◆ **Your assignment**:
Each line of the data below should be restated exactly, with images left out.

Segment Start: Data block

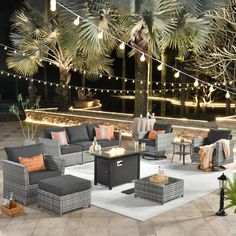 an outdoor seating area is lit up at night with string lights and palm trees in the background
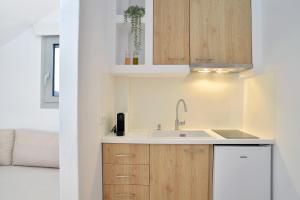 a kitchen with wooden cabinets and a sink at Niriis Studios Aktaia & Glauke Batsi in Batsi +27 photos
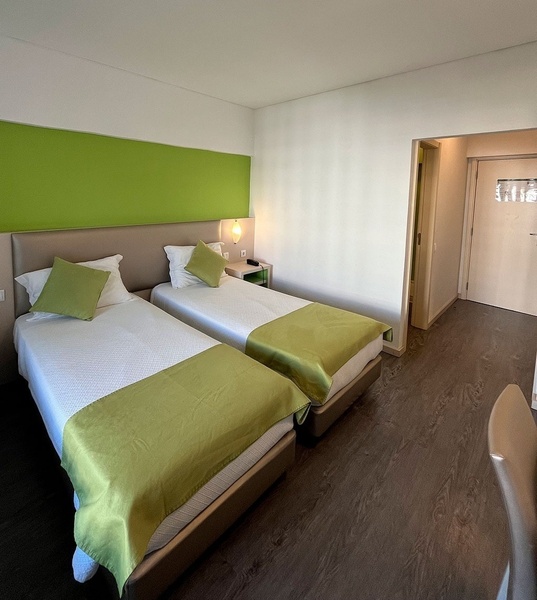 um quarto de hotel com cama e sofá verdes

Segment End: Data block

◆ **Exercise answer**:
 an outdoor seating area is lit up at night with string lights and palm trees in the background
 a kitchen with wooden cabinets and a sink at Niriis Studios Aktaia & Glauke Batsi in Batsi +27 photos
 um quarto de hotel com cama e sofá verdes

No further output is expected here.